Electrostatics refitting plan for Rosemary

[NOTE] Dummy plan to kick off discussion

  1. Use openff-recharge to refit BCC’s and virtual site charges to a set of small molecules.

    1. Should be whatever data set Simon has prepared that is represented in QM Archive. More molecules might need to be added.

      1. The list of molecules is here: (insert location where stored)

    2. Underlying charge model is ELF10

      1. Potentially graph charges fit to ELF10, will depend on progress of graph charges.

    3. The BCC’s selected (other than virtual ites )will be the the original Bayly BCCs, no effort to come up with new BCC’s for now.

      1. These are already converted to SMIRKS format.

    4. Use gradient descent to fit (ESP or electric field? Which is best, based on @Simon Boothroyd's work so far).

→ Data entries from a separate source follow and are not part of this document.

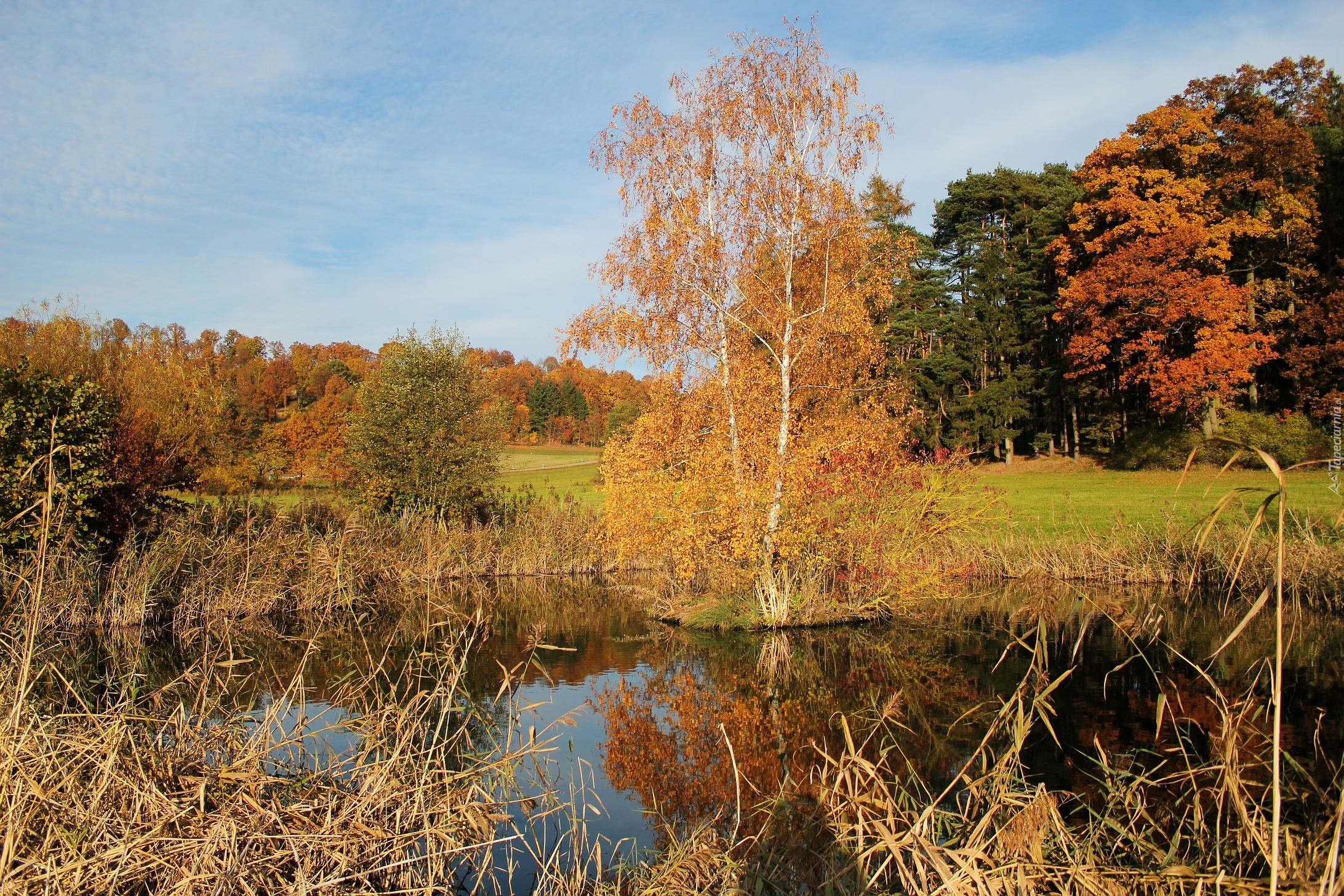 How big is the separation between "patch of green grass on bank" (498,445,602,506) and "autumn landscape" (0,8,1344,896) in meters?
3.52

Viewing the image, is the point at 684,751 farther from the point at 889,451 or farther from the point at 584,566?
the point at 584,566

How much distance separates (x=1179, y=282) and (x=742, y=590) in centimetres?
2585

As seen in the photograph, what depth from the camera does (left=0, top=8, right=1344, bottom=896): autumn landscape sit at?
14.5ft

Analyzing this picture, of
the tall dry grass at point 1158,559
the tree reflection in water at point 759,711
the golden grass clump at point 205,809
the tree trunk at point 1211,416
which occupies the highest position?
the tree trunk at point 1211,416

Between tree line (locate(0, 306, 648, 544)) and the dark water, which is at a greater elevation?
tree line (locate(0, 306, 648, 544))

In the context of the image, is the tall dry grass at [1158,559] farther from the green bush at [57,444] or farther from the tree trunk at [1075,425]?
the tree trunk at [1075,425]

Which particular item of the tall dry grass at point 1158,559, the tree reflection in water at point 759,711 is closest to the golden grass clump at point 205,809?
the tree reflection in water at point 759,711

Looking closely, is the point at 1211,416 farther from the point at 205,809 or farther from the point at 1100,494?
the point at 205,809

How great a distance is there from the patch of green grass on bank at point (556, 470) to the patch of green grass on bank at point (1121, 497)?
14.2 meters

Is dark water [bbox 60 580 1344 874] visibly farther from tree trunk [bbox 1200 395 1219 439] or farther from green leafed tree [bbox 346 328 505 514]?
tree trunk [bbox 1200 395 1219 439]

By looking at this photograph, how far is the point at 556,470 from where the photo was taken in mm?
58844

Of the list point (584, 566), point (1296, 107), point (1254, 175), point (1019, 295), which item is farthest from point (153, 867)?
point (1019, 295)

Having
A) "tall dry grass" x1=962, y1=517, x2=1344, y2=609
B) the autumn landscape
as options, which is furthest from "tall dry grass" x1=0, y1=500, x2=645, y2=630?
"tall dry grass" x1=962, y1=517, x2=1344, y2=609

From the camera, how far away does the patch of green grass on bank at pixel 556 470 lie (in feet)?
124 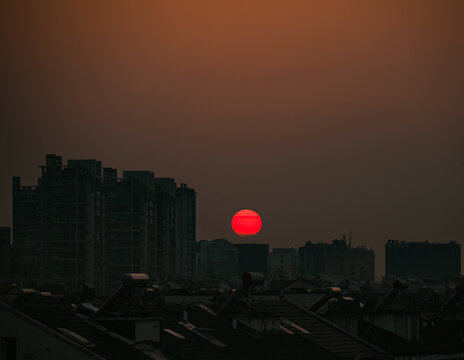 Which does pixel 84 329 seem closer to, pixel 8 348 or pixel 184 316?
pixel 8 348

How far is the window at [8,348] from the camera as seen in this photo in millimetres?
47438

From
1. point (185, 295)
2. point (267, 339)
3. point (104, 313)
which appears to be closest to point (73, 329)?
point (104, 313)

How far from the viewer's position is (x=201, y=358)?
54.3 metres

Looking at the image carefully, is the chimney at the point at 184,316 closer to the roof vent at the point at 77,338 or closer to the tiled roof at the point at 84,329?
the tiled roof at the point at 84,329

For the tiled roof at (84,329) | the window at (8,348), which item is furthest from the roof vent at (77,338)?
the window at (8,348)

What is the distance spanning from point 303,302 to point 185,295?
22.4 metres

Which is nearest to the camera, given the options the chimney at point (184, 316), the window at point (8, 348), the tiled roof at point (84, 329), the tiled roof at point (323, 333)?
the window at point (8, 348)

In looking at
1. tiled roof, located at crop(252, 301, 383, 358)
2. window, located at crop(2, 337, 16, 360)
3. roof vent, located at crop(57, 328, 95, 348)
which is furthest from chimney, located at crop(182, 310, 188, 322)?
window, located at crop(2, 337, 16, 360)

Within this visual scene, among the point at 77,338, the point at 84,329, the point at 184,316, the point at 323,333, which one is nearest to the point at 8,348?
the point at 77,338

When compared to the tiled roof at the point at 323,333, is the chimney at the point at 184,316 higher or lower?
higher

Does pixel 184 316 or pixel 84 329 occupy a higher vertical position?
pixel 84 329

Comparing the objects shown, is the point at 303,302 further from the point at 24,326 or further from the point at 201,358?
the point at 24,326

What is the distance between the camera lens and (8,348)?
47.6m

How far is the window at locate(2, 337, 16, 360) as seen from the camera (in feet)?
156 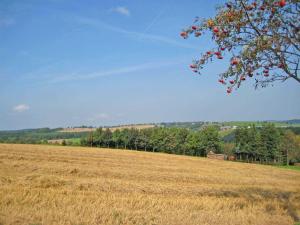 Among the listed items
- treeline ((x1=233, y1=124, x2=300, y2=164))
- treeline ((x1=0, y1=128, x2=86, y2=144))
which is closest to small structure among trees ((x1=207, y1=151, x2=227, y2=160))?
treeline ((x1=233, y1=124, x2=300, y2=164))

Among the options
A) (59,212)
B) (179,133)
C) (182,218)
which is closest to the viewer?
(59,212)

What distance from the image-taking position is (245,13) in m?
8.52

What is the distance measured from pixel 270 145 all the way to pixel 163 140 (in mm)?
26019

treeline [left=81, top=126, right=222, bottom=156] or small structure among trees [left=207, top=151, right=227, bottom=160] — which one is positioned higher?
treeline [left=81, top=126, right=222, bottom=156]

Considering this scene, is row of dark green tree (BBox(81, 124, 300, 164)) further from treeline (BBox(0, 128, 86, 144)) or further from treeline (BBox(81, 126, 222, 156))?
treeline (BBox(0, 128, 86, 144))

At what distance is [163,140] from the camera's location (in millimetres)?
94062

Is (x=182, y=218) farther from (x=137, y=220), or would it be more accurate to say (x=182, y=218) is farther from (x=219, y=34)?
(x=219, y=34)

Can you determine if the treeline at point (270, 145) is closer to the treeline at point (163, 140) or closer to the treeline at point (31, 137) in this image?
the treeline at point (163, 140)

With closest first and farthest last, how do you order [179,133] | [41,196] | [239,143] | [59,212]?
[59,212], [41,196], [239,143], [179,133]

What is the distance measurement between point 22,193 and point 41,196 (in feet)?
2.16

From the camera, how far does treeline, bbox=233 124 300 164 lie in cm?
8225

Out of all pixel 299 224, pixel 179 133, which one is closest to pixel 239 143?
pixel 179 133

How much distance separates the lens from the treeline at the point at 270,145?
270 feet

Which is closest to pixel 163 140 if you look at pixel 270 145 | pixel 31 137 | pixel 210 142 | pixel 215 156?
pixel 210 142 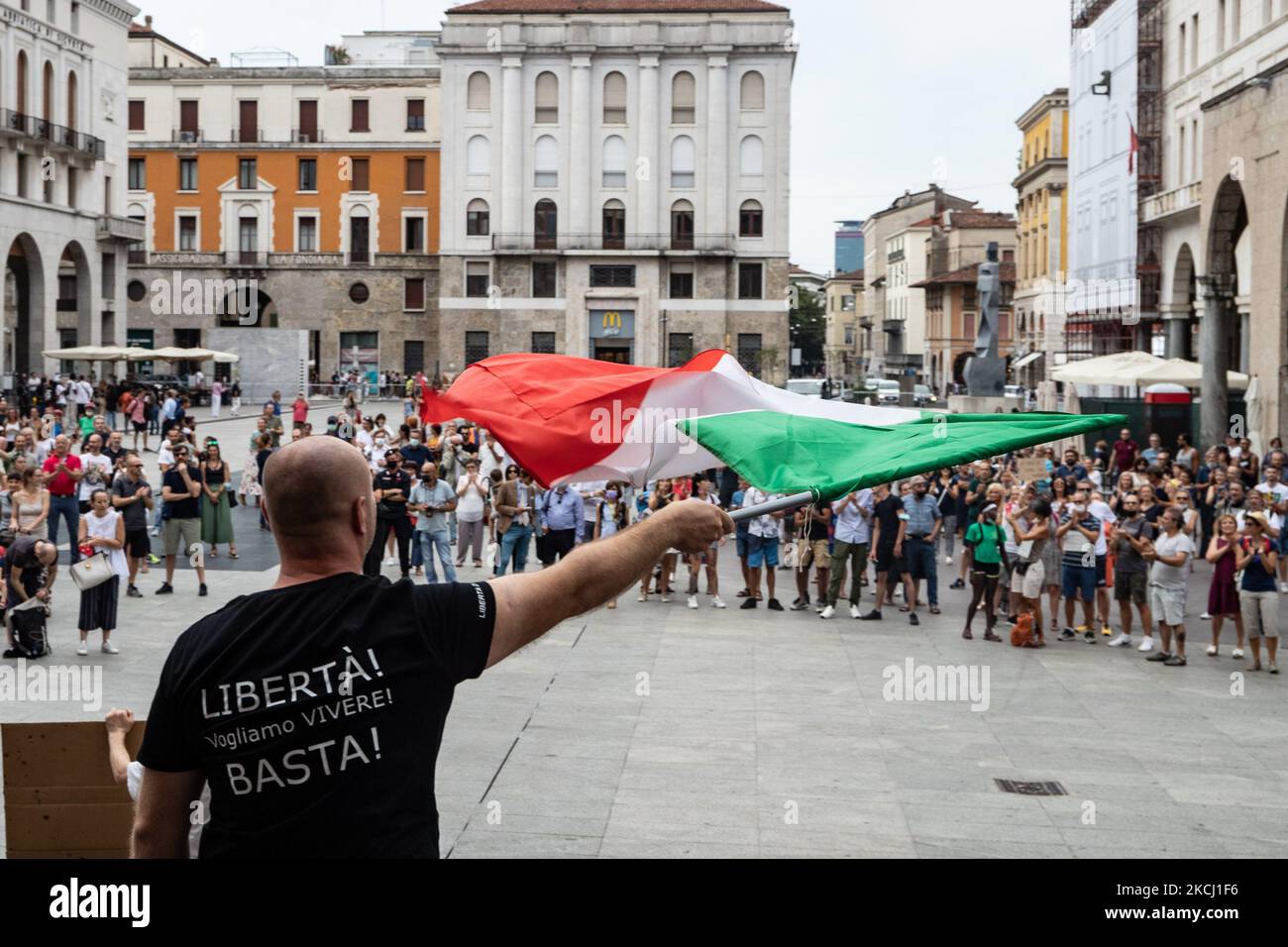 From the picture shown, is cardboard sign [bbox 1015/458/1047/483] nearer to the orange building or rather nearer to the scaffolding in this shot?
the scaffolding

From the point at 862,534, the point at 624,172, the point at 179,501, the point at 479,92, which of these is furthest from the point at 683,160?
the point at 179,501

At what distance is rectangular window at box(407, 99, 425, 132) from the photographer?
77562mm

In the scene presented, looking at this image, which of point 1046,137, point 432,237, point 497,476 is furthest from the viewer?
point 432,237

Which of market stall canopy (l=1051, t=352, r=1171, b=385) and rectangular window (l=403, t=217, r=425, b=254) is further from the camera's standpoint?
rectangular window (l=403, t=217, r=425, b=254)

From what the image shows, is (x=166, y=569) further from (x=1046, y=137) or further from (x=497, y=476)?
(x=1046, y=137)

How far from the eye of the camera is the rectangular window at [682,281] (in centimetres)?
7312

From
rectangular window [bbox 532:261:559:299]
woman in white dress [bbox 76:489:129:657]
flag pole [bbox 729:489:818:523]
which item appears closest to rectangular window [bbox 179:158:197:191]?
rectangular window [bbox 532:261:559:299]

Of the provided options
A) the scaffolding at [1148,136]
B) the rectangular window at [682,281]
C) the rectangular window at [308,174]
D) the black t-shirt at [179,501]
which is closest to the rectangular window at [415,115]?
the rectangular window at [308,174]

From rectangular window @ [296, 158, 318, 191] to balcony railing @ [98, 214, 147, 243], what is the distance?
1765cm

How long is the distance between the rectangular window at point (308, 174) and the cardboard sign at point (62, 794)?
7455 cm

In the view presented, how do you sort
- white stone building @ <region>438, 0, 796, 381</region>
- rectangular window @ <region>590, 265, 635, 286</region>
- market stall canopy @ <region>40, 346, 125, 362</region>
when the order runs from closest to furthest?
market stall canopy @ <region>40, 346, 125, 362</region>, white stone building @ <region>438, 0, 796, 381</region>, rectangular window @ <region>590, 265, 635, 286</region> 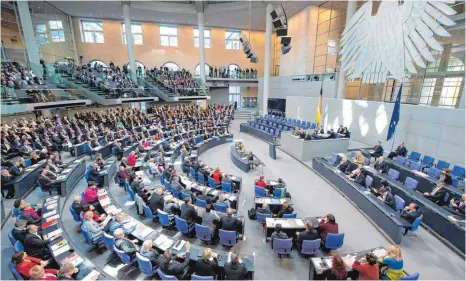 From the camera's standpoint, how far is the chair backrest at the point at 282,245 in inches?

      1. Gradient descent rather than least squares, in order to change the virtual geometries (within constraints of the virtual type, i.e. halogen sides stay on the bond, but can change distance along the bond)

      2. numpy or pyro?

      3. Data should be relatively constraining, so suggest no regularization.

    5. Which atomic environments have virtual sites will be selected using Cole lab analysis (10.26434/chemrxiv-2021-hsf8l, https://pubs.acs.org/doi/10.1021/acs.jcim.8b00767), with a pass from industry partners.

      1. for halogens, one site.

      2. lone pair virtual sites for oxygen, nitrogen, sulfur (1 or 2, depending on hybridization (Check with Cole group to verify))

      3. There should be some measure of the performance hit upon introducing virtual sites, which should be small but noticeable (up to 10%?)

      4. Will need to verify that toolkit can handle outputs to GROMACS, AMBER and CHARMM before release and all are defined according to SMIRNOFF spec.

  2. Perform optimizations of the BCCs and virtual site magnitudes, co-optimizing with LJ terms, using Force Balance to fit condensed phase fluid properties, the same ones used for the Sage refit.

    1. Could potentially optimize virtual site geometries with ForceBalance, but likely to involve some weird redundancies and nonlinearities; thus safer to only reoptimize variables that are the same type/magnitude.

    2. Should consider some weak regularization to avoid having the BCC’s change too much from the ones determine during electrostatic fit.

    3. Could consider using Owen’s surrogate modeling instead of ForceBalance, which appears to be doing better, but almost certainly probably better to leave that to Thyme, as there is too much scaling to larger data sets to do.